Former Wisconsin Senator Herb Kohl has agreed to sell the Milwaukee Bucks to investment bankers Marc Lasry and Wesley Edens. That's the headline item, and if you want to get more into the details of that, run yourself over to Brew Hoop, SB Nation's very own Bucks community.
We're here to assess the issue of a new home for the Milwaukee Bucks, and by process of elimination, a new home for Marquette men's basketball.
Part of the reason that Kohl has sold the Bucks now other than his own age (he turned 79 in February) is that new NBA commissioner Adam Silver visited Milwaukee in September before he took over for outgoing commissioner David Stern and point blank said that the Bradley Center is not the kind of arena that meets the NBA's standards for their buildings. Silver specifically pointed out that the BC is "a few hundred thousand square feet too small." That sizing issue then turns into a failure to provide both the easy to spot ameneties of a modern stadium and the behind the scenes operational space that the NBA likes to see from their partners.
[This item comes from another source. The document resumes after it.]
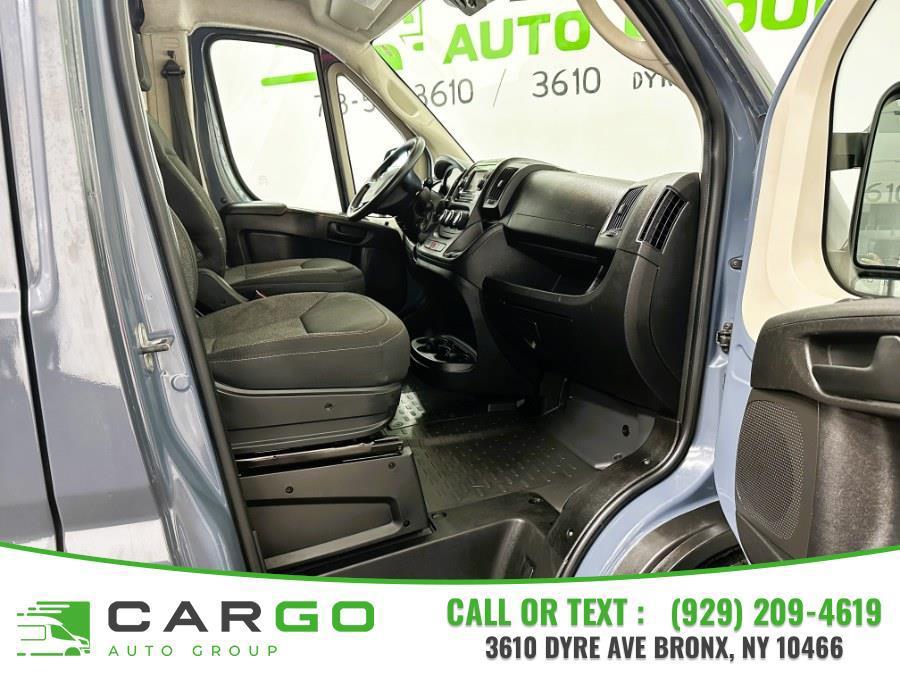 used 2019 Ram ProMaster 2500 car, priced at $16,995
The primary issue at hand, of course, is money. Discounting Barclays Center in Brooklyn, because no one - AND THE ROCK MEANS NO ONE - thinks Milwaukee has to spend a billion dollars on an arena, here are the four newest NBA arenas and their price tags, according to their Wikipedia pages:
- Toyota Center in Houston, opened in 2003, $235 million
- FedEx Forum in Memphis, opened in 2004, $250 million
- Time Warner Cable Arena in Charlotte, opened in 2005, $260 million
- Amway Center in Orlando, opened in 2012, $480 million
With the time gap in between Time Warner Cable Arena and Amway Center, I think it's safe to say that the construction costs in Milwaukee will line up slightly closer to the latter than the former. With that said, Lasry and Edens have vowed to match a $100 million gift from Kohl for a total of $200 million in private money going towards the construction of a new building. Milwaukee County and the four surrounding counties have undergone a sales tax to help pay for Miller Park, and most of the political powers in the area are against further taxing their constituents for something that falls under the heading of entertainment. The money from the present and future owners of the Bucks may help grease the skids towards public money for an arena, depending on how much that final price tag actually ends up being.
The Bucks have a lease with the Bradley Center that runs through 2017, and the NBA is fine with the Bucks finishing that lease. From reading Brew Hoop's assessment of the press conference introducing Lasry and Edens, they seem very confident that the planning process can begin and end relatively quickly and construction can begin with more than enough time to meet the NBA's deadline of the end of that lease.
This is a lot of political discussion for a college sports blog, of course, and the real end point is how this affects Marquette. It's to Marquette's benefit to continue to have announcers say on broadcasts that the games are emanating from an NBA arena, and the subtle benefit of having visiting NBA teams practice at the Al McGuire Center helps on the recruiting trail. With the university tightening its belt a bit in recent months, I don't think the university can conceive of contributing private money to help with construction. While Marquette may not be an financial partner in any stadium plans, it's safe to say that they will be a silent political partner in attempting to get things moving towards having a shiny new modern home for Steve Wojciechowski's team.